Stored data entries
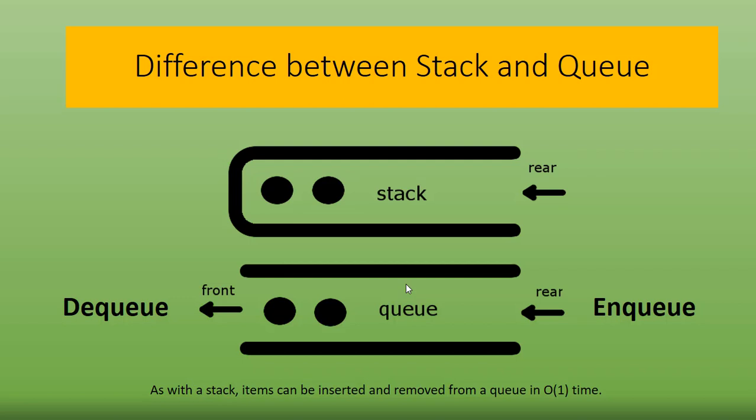Whatever insertion happens will be on the rear side, and the insertion is called enqueue operation. The deletion is called dequeue operation and happens on the front side of the queue.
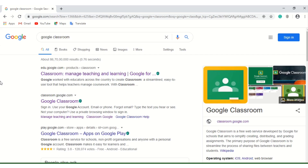Welcome to our channel HergTech. We are planning to give a few sessions on Google Classroom. Google developed this tool in the year 2014, but it became popular recently after the outbreak of COVID-19.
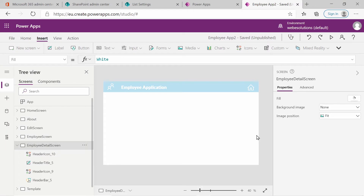Hello and welcome to the series on Microsoft Power Apps. In this video, we're going to be looking at our employee detail screen and populating it with information of the selected employee.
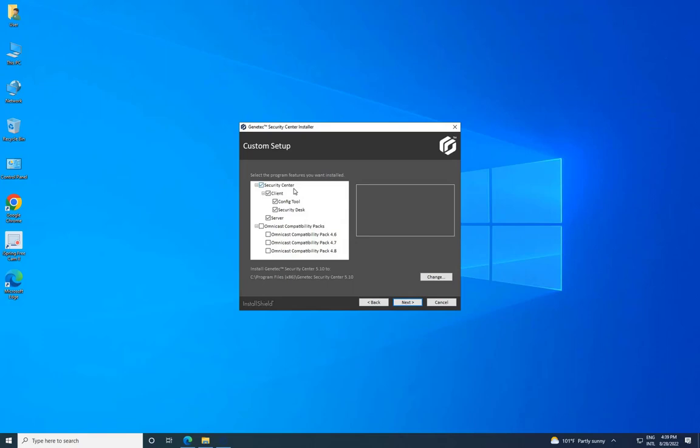If you are upgrading from a previous version, a backward compatibility notice may appear. Make sure you understand the requirements before proceeding.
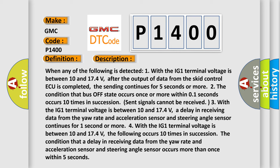The condition that a delay in receiving data from the UR rate and acceleration sensor and steering angle sensor continues for one second or more.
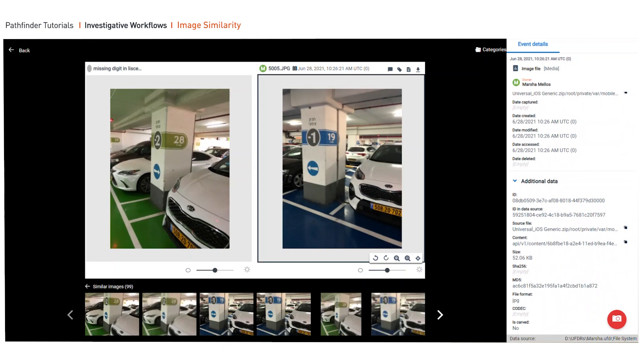Now this is a perfect example. Out of a hundred thousand events, image similarity was able to trace the relevant car within seconds, including that missing digit.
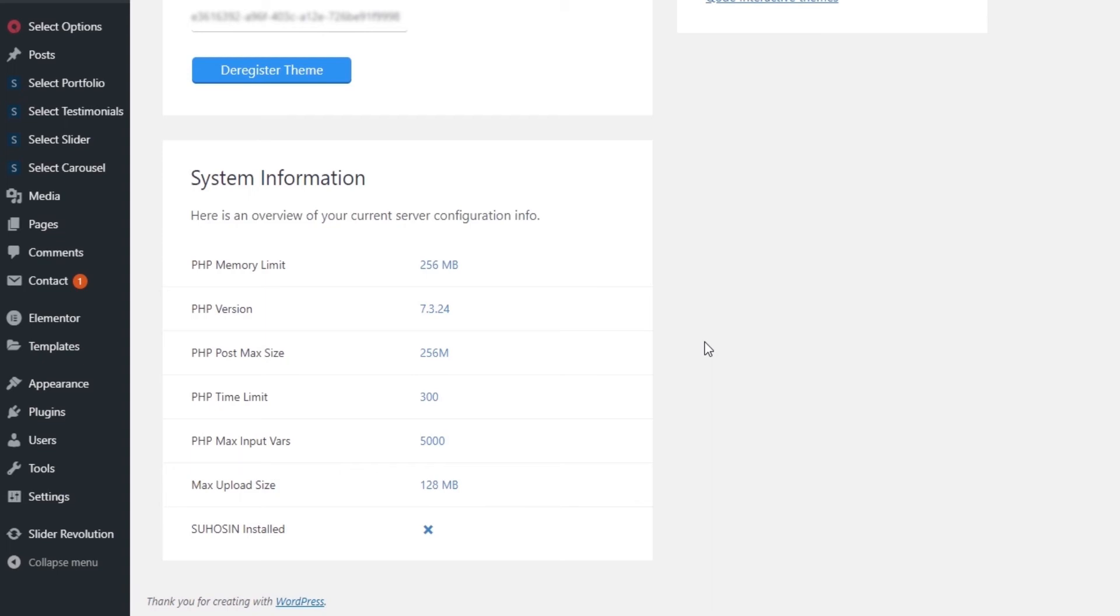Of course, if you aren't certain about attempting this on your own, you can always ask your hosting provider for help. They can then increase the values for you.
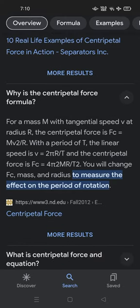What is the centripetal force formula? Let's see its formula. For a mass M with tangential speed V at radius R, the centripetal force is FC = MV² / R. With a period of T, the linear speed is V = 2πR / T and the centripetal force is FC = 4π²MR / T².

Exercise requirements
Look above for the line with "Hello and welcome" and the line with "Now this is"; set down those two lines and all lines between them exactly, without pictures and without anything else.

Exercise result
Hello and welcome to the series on Microsoft Power Apps. In this video, we're going to be looking at our employee detail screen and populating it with information of the selected employee.
If you are upgrading from a previous version, a backward compatibility notice may appear. Make sure you understand the requirements before proceeding.
The condition that a delay in receiving data from the UR rate and acceleration sensor and steering angle sensor continues for one second or more.
Now this is a perfect example. Out of a hundred thousand events, image similarity was able to trace the relevant car within seconds, including that missing digit.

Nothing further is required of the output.